• [EXERCISE]: Only the lines from the one that contains "this 160×107 image." through the end of the entries, both included, should be transcribed, exactly and without pictures.

• [RECORDS FOR THIS EXERCISE]:
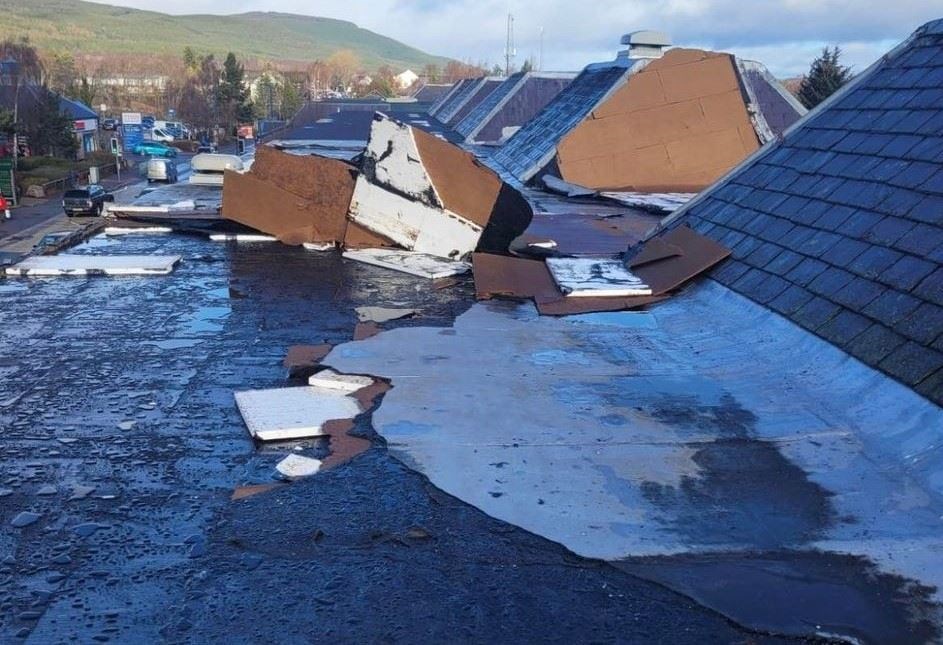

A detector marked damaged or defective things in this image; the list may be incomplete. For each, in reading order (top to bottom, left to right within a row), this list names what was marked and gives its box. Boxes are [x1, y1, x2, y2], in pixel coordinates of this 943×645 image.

torn roofing sheet [460, 71, 580, 145]
torn roofing sheet [222, 145, 368, 245]
torn roofing sheet [350, 113, 536, 256]
torn roofing sheet [544, 256, 648, 296]
torn roofing sheet [664, 17, 943, 406]
torn roofing sheet [324, 286, 943, 640]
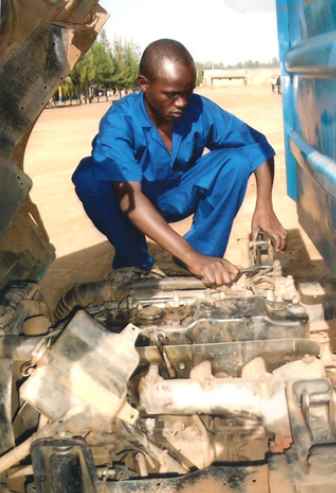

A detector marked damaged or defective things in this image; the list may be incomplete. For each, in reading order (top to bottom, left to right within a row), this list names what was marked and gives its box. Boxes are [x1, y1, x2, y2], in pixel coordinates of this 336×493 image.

rusty metal part [0, 1, 107, 286]
rusty metal part [20, 312, 140, 426]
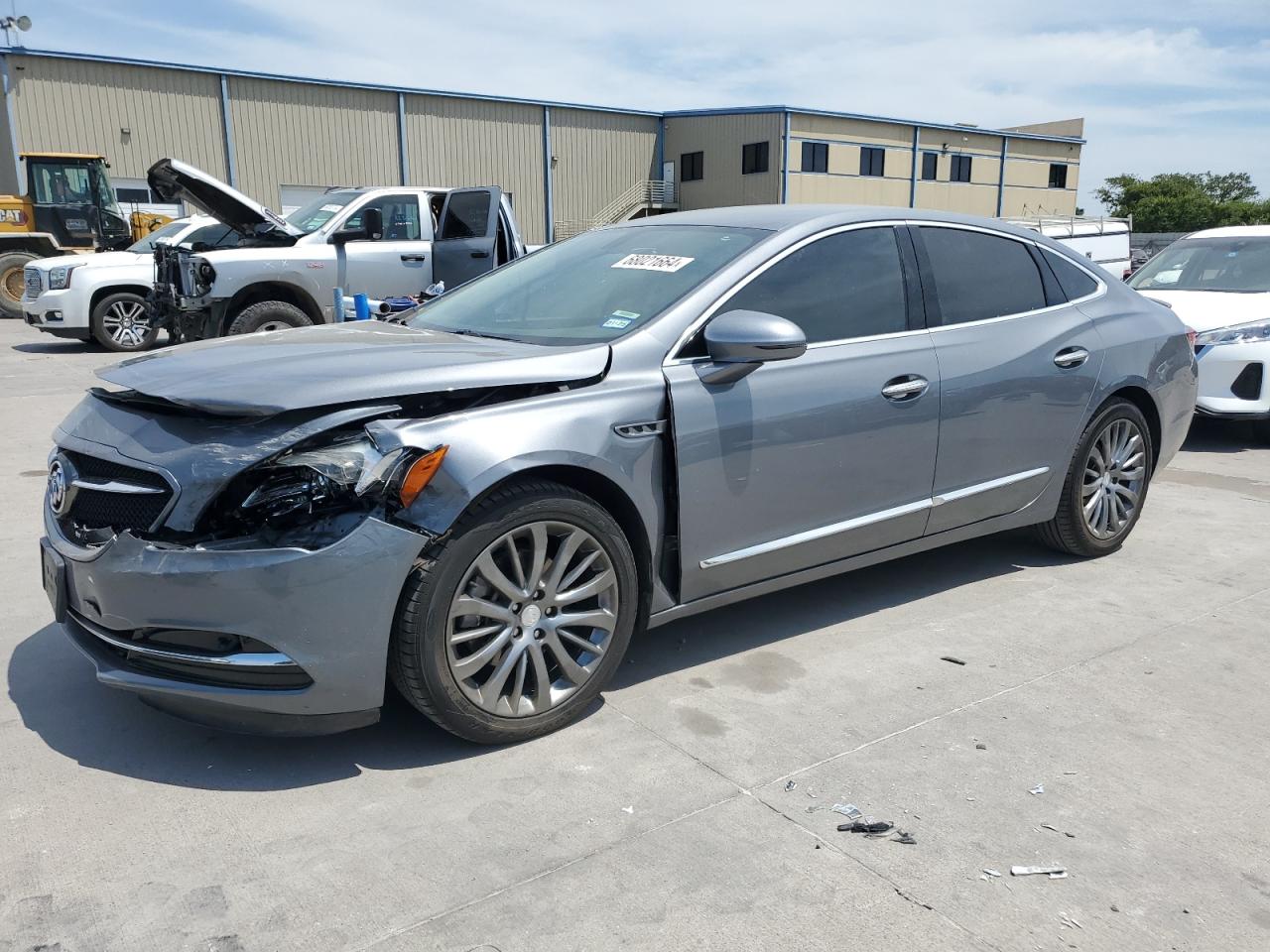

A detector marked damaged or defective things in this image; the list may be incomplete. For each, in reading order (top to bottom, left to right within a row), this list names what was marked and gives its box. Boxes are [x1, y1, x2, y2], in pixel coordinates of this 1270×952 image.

damaged white truck [146, 159, 528, 342]
crumpled hood [1143, 289, 1270, 332]
crumpled hood [96, 322, 611, 416]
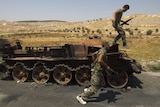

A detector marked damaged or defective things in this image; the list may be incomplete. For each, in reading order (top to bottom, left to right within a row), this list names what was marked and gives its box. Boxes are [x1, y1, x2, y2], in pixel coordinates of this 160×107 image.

burnt tank [0, 37, 142, 88]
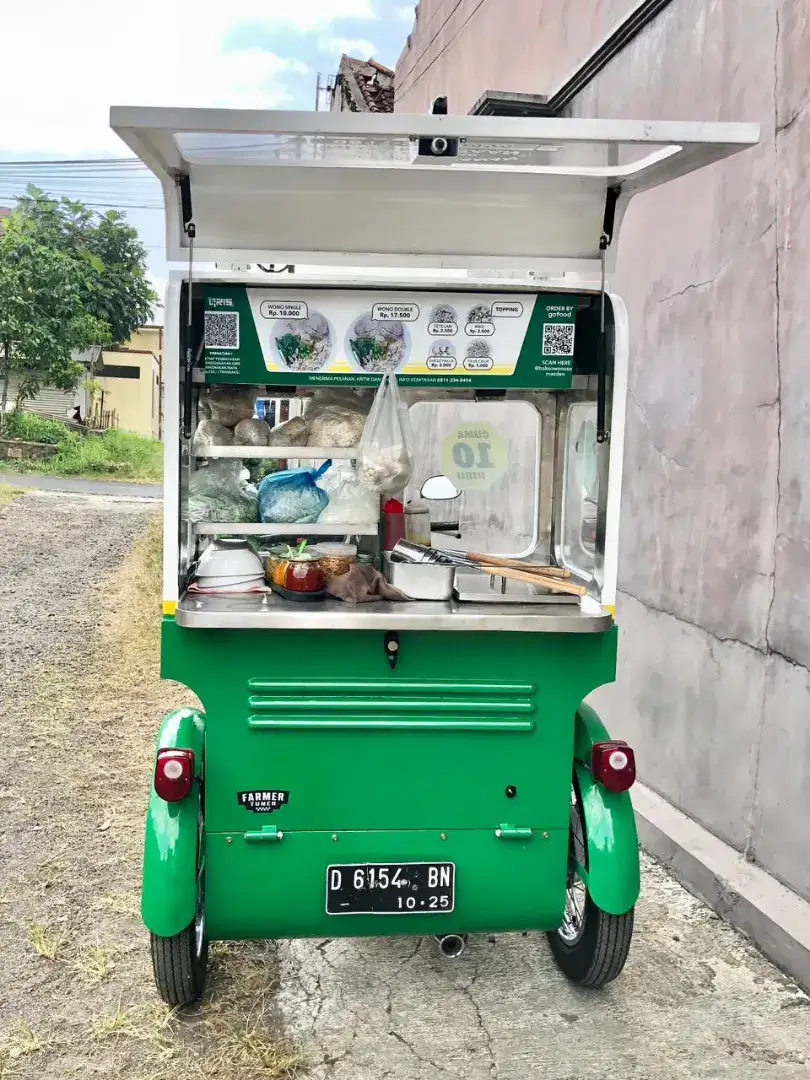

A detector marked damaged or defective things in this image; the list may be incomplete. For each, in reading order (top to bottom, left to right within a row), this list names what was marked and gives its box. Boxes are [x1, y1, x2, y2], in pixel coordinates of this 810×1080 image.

cracked concrete ground [278, 851, 810, 1080]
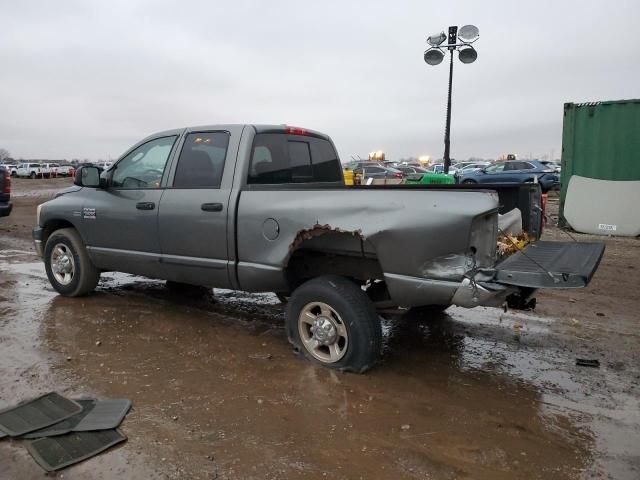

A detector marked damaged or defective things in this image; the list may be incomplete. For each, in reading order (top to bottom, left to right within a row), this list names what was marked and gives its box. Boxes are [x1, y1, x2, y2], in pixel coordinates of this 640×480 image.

damaged truck bed side [35, 124, 604, 372]
dented rear quarter panel [235, 187, 500, 296]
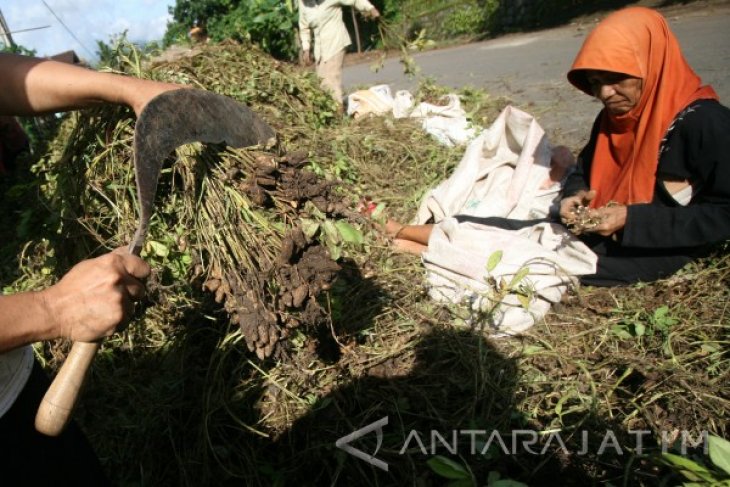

• [EXERCISE RESULT]:
A detector marked damaged or defective things in this image; the list may be incomplete. For each, in reading order (top to bottom, left to right within a row), this list names what was marked and gives its box. Boxes are [x1, y1, x2, y2], in pixel coordinates of this 160×107 image.

burnt tank [0, 37, 142, 88]

A detector marked damaged or defective things in this image; the list may be incomplete. For each, in reading order (top to bottom, left to right within a row), this list names what was marked and gives its box. Boxes are [x1, y1, x2, y2], in pixel coordinates of this 810×1080 image.

cracked concrete ground [278, 851, 810, 1080]

A detector marked damaged or defective things in this image; the list may be incomplete. For each, in reading order (top to bottom, left to right within a row), this list names what was marked and gives its box. Boxes are [x1, y1, x2, y2], in pixel coordinates of this 640×480 image.

damaged truck bed side [35, 124, 604, 372]
dented rear quarter panel [235, 187, 500, 296]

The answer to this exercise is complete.